Sim-to-Real Overview

This page is the map of UniLab’s sim-to-real workflow. Every subsequent page in this section drills into one stage.

What “sim-to-real” means in UniLab

A deployable UniLab policy is the exported policy plus the exact observation and action contracts used by the selected task owner.

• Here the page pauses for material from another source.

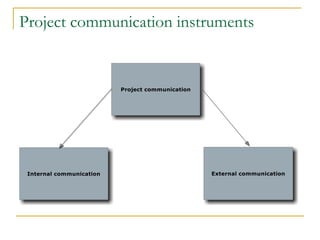Project communication instruments
 
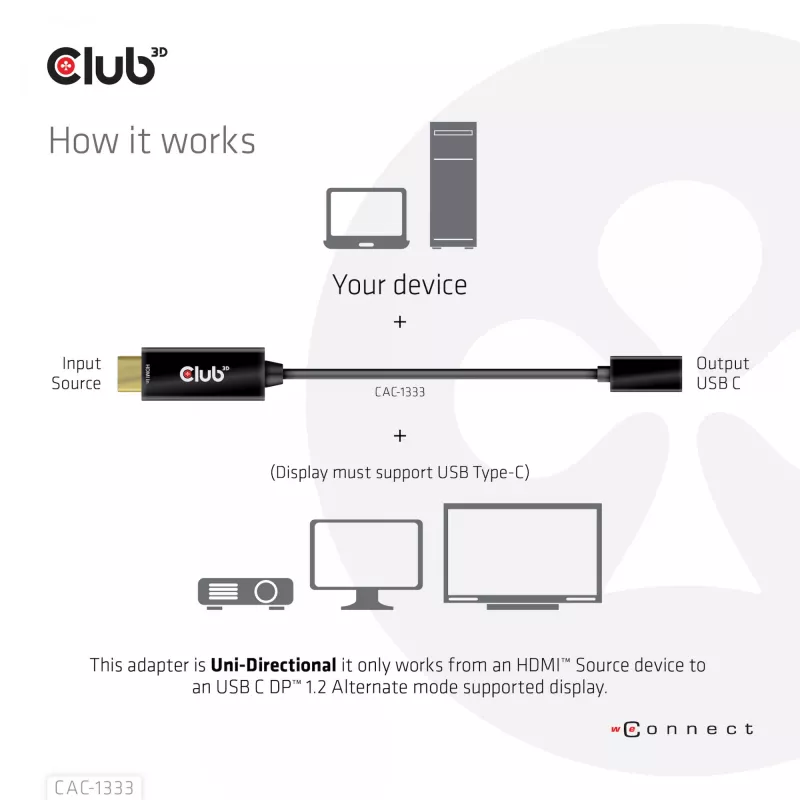 CLUB3D HDMI to USB Type-C 4K60Hz Active Adapter M/F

The G1 WBT helper path materializes this as policy.onnx, deploy_config.yaml, and a motion binary; other robots need an equivalent hardware-side runtime that:

  1. Reads sensors → assembles the same observation vector the policy saw in simulation.

  2. Runs policy.onnx through a runtime that supports the exported graph.

  3. Maps the action vector to the same actuator interface used by the env’s SimBackend.

If any of those three things drifts between sim and deployment, debug the contract first before changing reward or hardware tuning.

End-to-end pipeline

        flowchart LR
    A[Train in UniLab] --> B[Curriculum + DR]
    B --> C[Validate in alt backend]
    C --> D[Export ONNX]
    D --> E[Latency / lag injection]
    E --> F[Safety layer]
    F --> G[Hardware bringup]
    G --> H[Closed-loop run]
    H -. iterate .-> B
    

Stage

UniLab artefact

Page

Train

Task owner YAML + training script

CLI Reference

Curriculum + DR

unilab.dr + task-side providers

Domain Randomization for Real-World Transfer

Cross-backend sanity

--task <task> --sim <other_backend>

Backend Swap

ONNX export

Training playback scripts + deploy helpers

ONNX Runtime

Latency / obs lag

Task config flags and deploy-side logs

Latency Budget

Safety layer

Hardware-side clamp / fallback

Hardware Safety Layers

Robot bringup

Robot-specific guides

G1 Whole-Body Motion Tracking on Hardware, Go2 / Go2W Locomotion Deployment, Allegro / Sharpa In-Hand Manipulation Deployment

What you should have before starting

Pre-flight checklist

  1. A converged training run with stable reward AND a stable success criterion (motion tracking error, drop count, etc.).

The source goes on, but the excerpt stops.